An open-source guide to help you write better command-line programs, taking traditional UNIX principles and updating them for the modern day.
This document covers both high-level design philosophy, and concrete guidelines. It’s heavier on the guidelines because our philosophy as practitioners is not to philosophize too much. We believe in learning by example, so we’ve provided plenty of those.
This guide doesn’t cover full-screen terminal programs like emacs and vim. Full-screen programs are niche projects—very few of us will ever be in the position to design one.

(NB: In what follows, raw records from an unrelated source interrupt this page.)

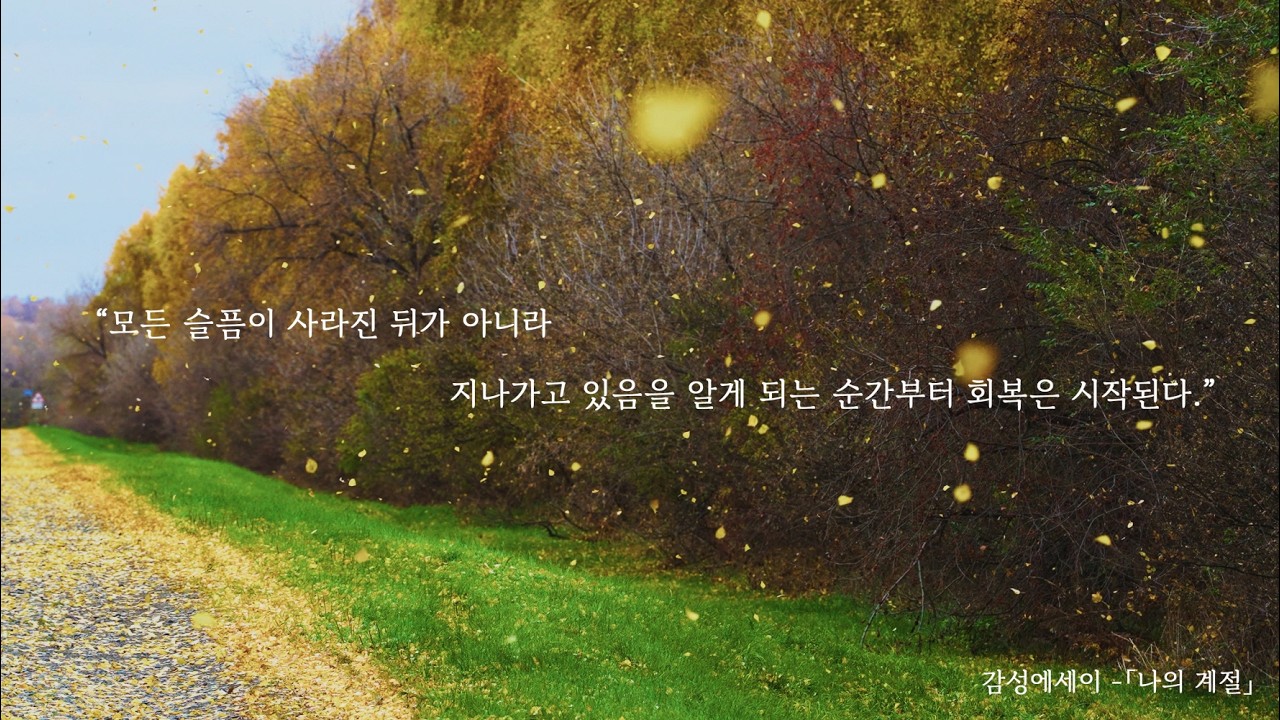 나의 계절 l My Season
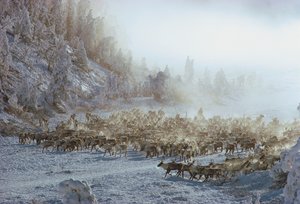 Rentiere, Elche, Karibus oder ähnliche Herde von Tieren in schneebedeckter Winterlandschaft von Dean Conger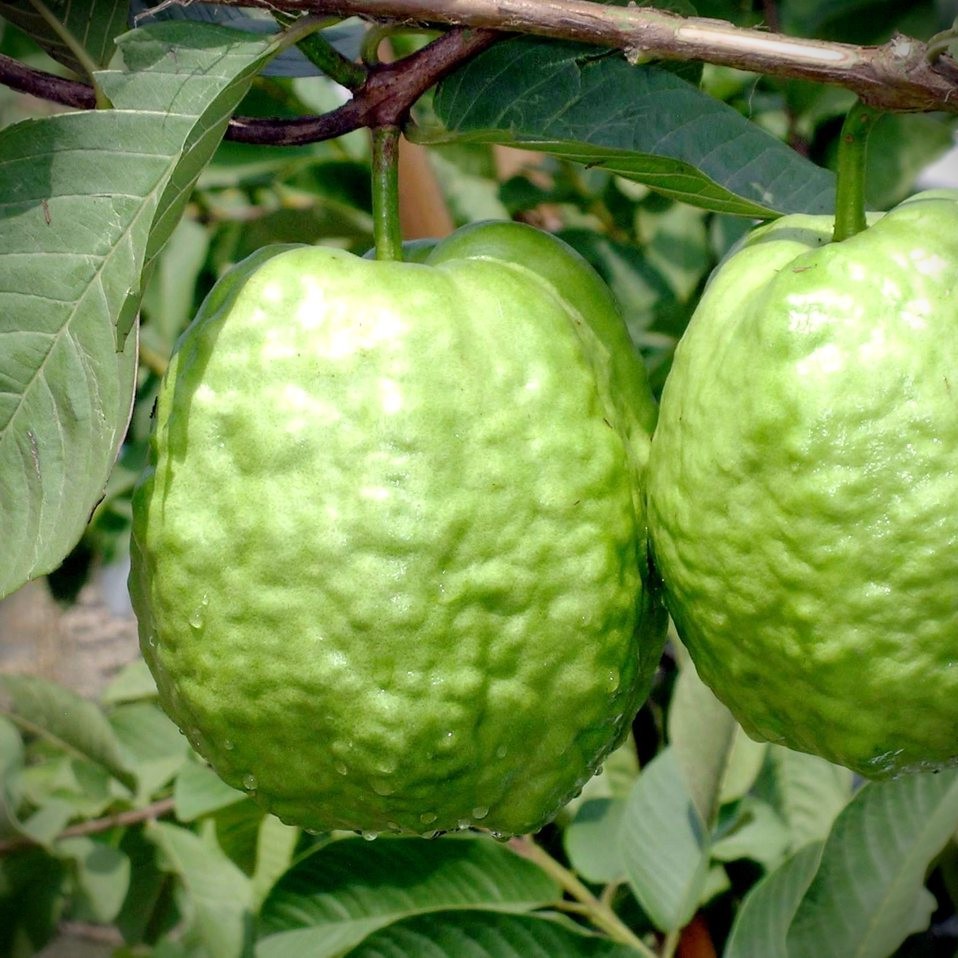 新帝王芭樂苗 芭樂苗 4.5吋 靠接苗 各式新品種芭樂苗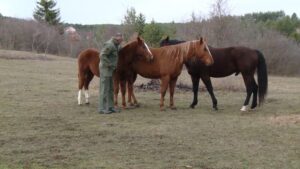 1639329177 branko 750x422 1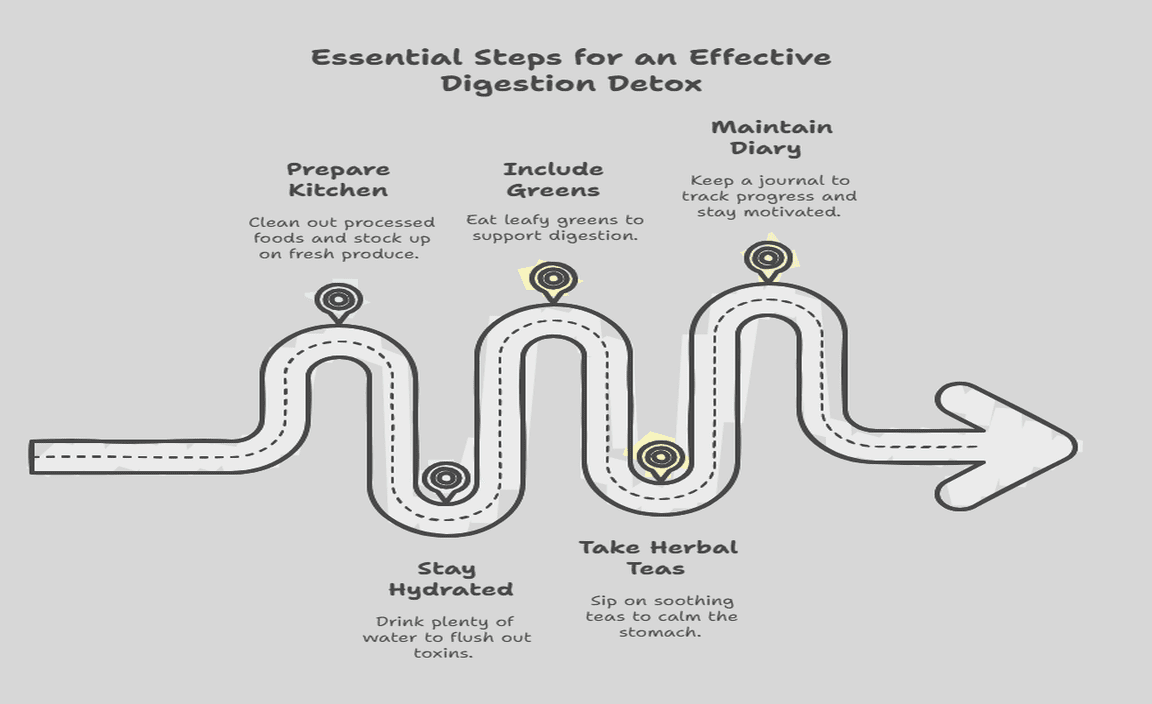 Essential Steps for an Effective Digestion Detox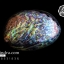 เปลือกหอยเป๋าฮื้อแท้ (Abalone) ขัด สีปีกแมลงทับ ขนาดใหญ่ คัดสวย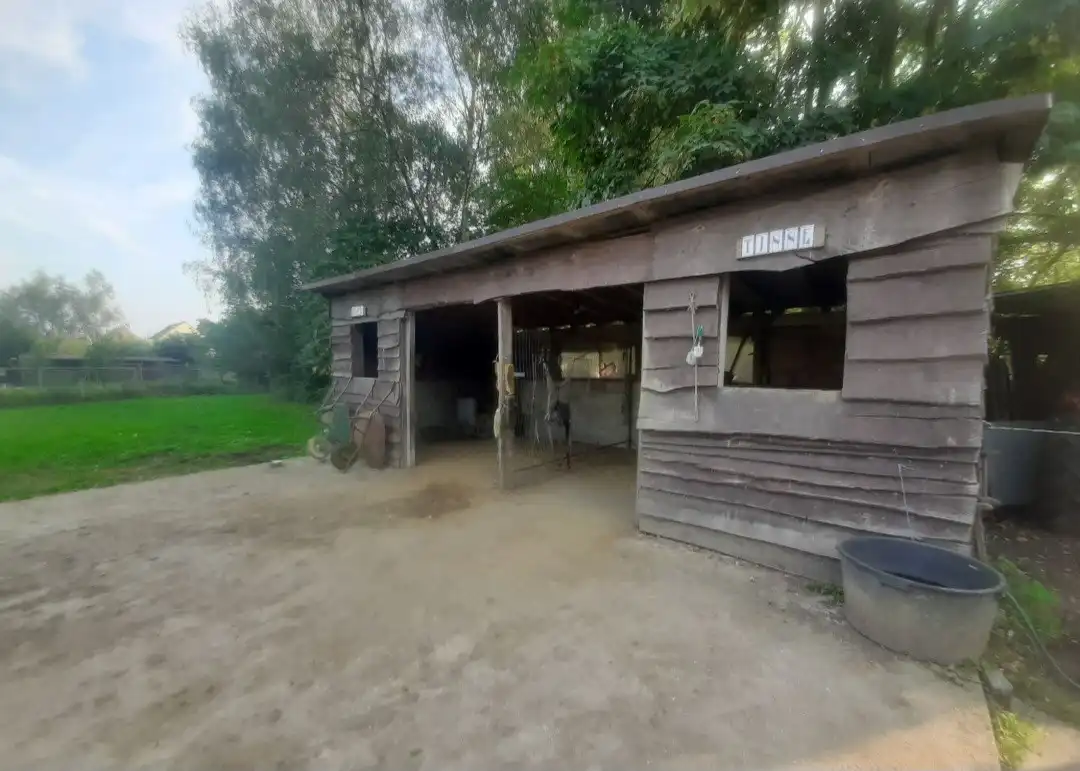 Weiland met paardenstallen op een opp. van 1,43ha foto 6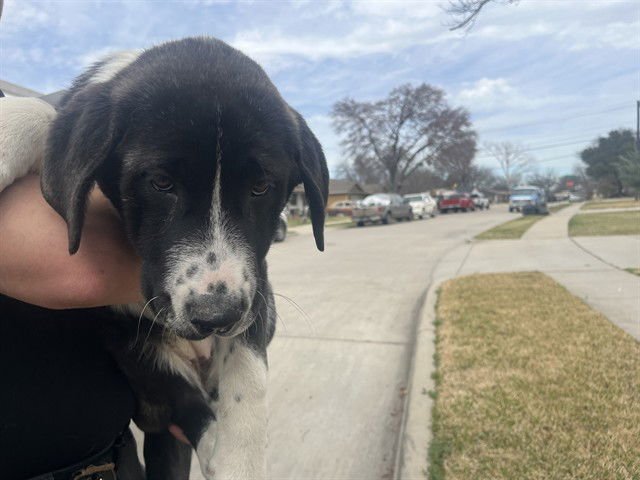 PEPPER - Great Pyrenees available for adoption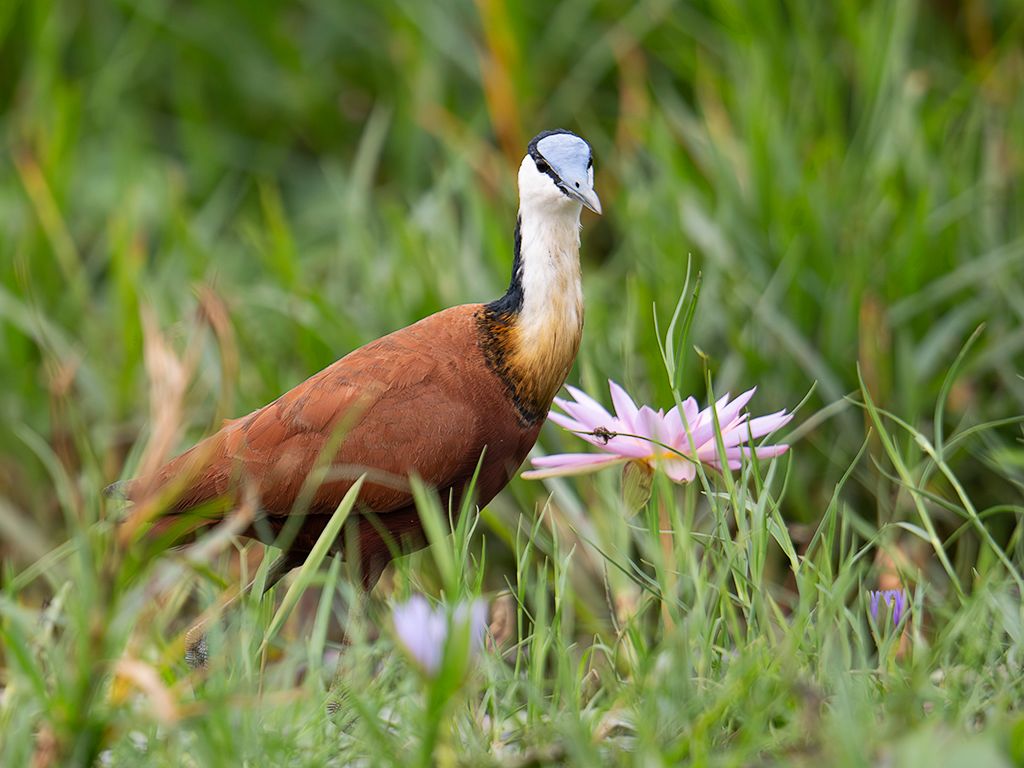 Jacana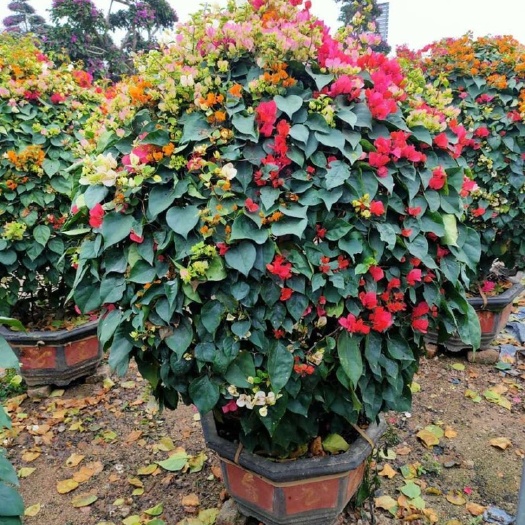 怎么养锦鲤的方法：全方位养殖指南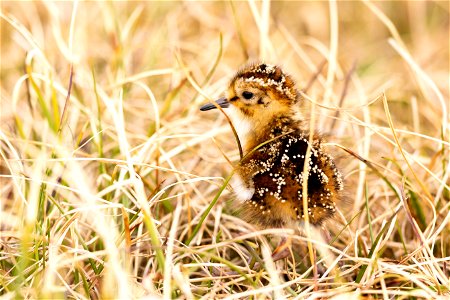 A young dunlin chick on the tundra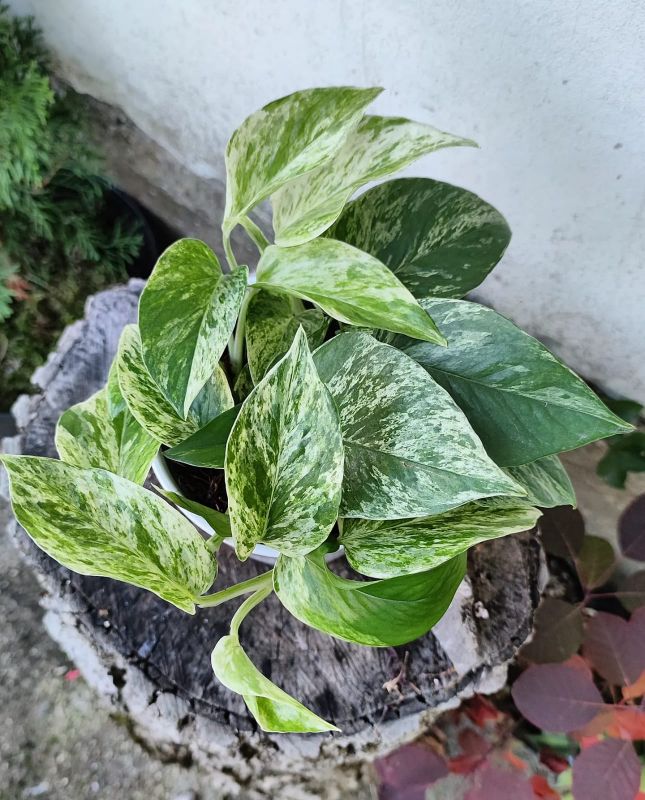 Epipremnum aureum“Marble Queen”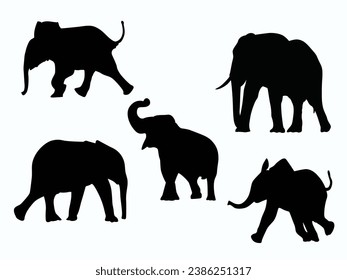 elephant silhouette on white background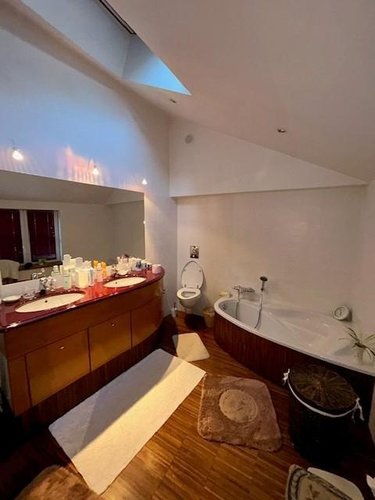 Viager maison Riom 63200 Puy-de-Dôme 320 m2 14 pièces 477750 euros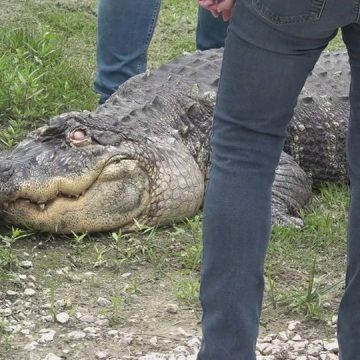 A Large Alligator Seized From a New York State Man Has Found a New Home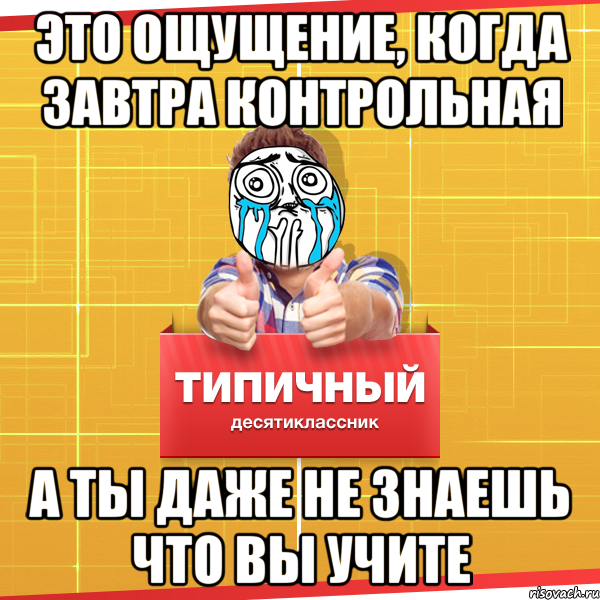 ЭТО ОЩУЩЕНИЕ, КОГДА ЗАВТРА КОНТРОЛЬНАЯ а ты даже не знаешь что вы учите, Мем Типичный десятиклассник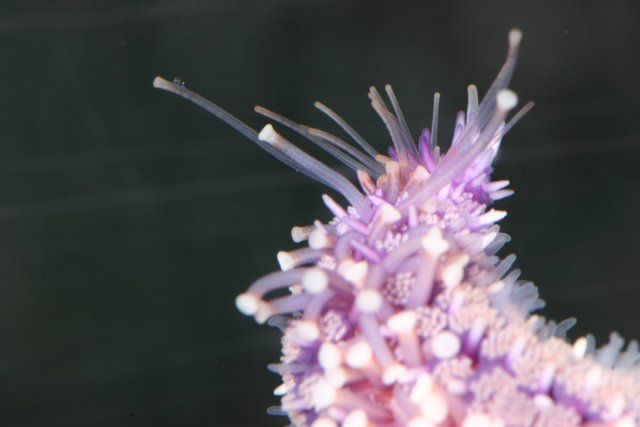 A Vibrant Purple Sea Anemone
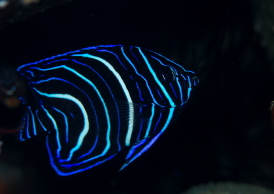 サザナミヤッコ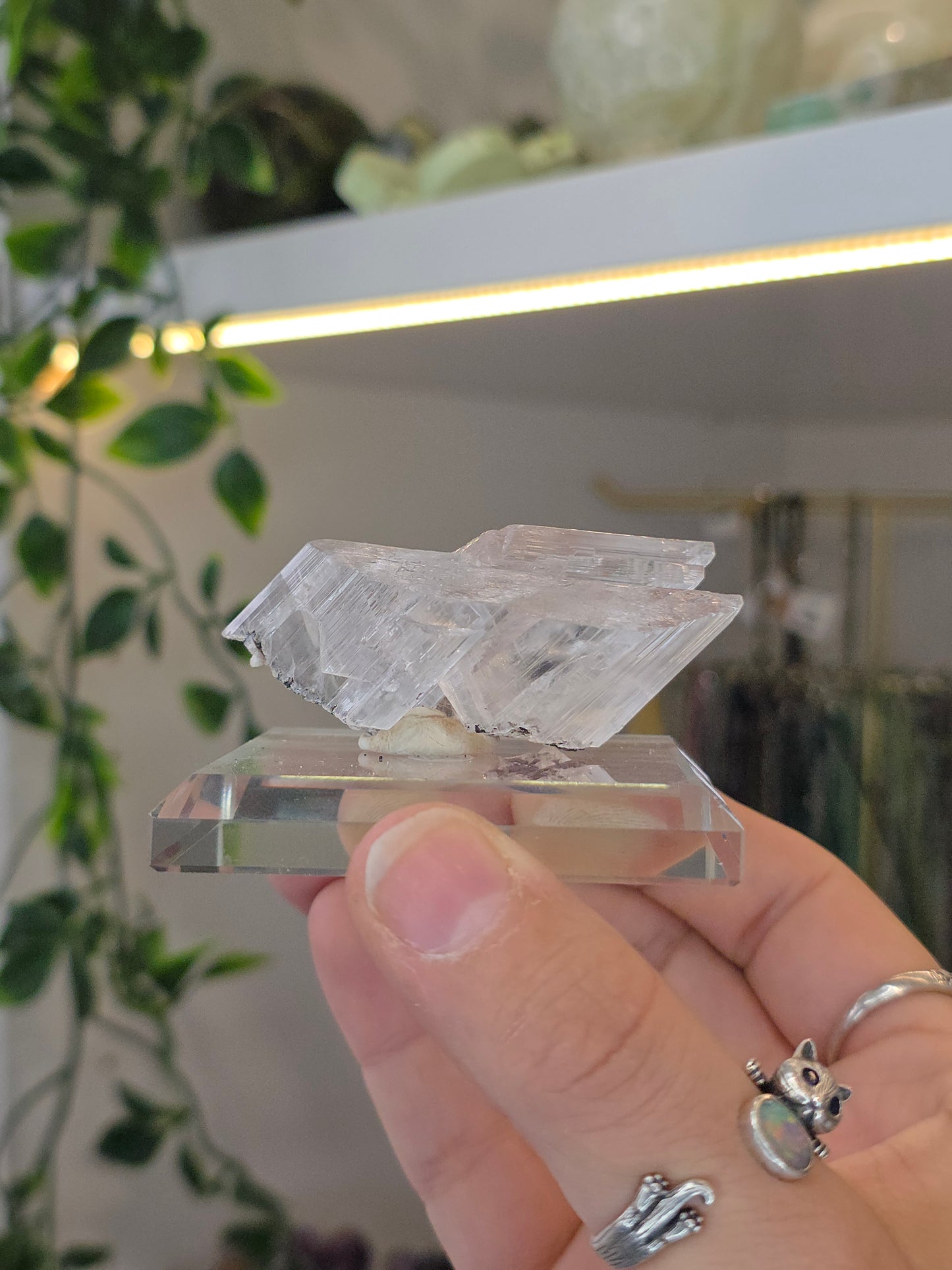 Naica Selenite Specimen from the world famous Naica Mine, Chihuahua, Mexico D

This guide is also agnostic about programming languages and tooling in general.
Who is this guide for?
- If you are creating a CLI program and you are looking for principles and concrete best practices for its UI design, this guide is for you.
- If you are a professional “CLI UI designer,” that’s amazing—we’d love to learn from you.
- If you’d like to avoid obvious missteps of the variety that go against 40 years of CLI design conventions, this guide is for you.
- If you want to delight people with your program’s good design and helpful help, this guide is definitely for you.
- If you are creating a GUI program, this guide is not for you—though you may learn some GUI anti-patterns if you decide to read it anyway.
- If you are designing an immersive, full-screen CLI port of Minecraft, this guide isn’t for you. (But we can’t wait to see it!)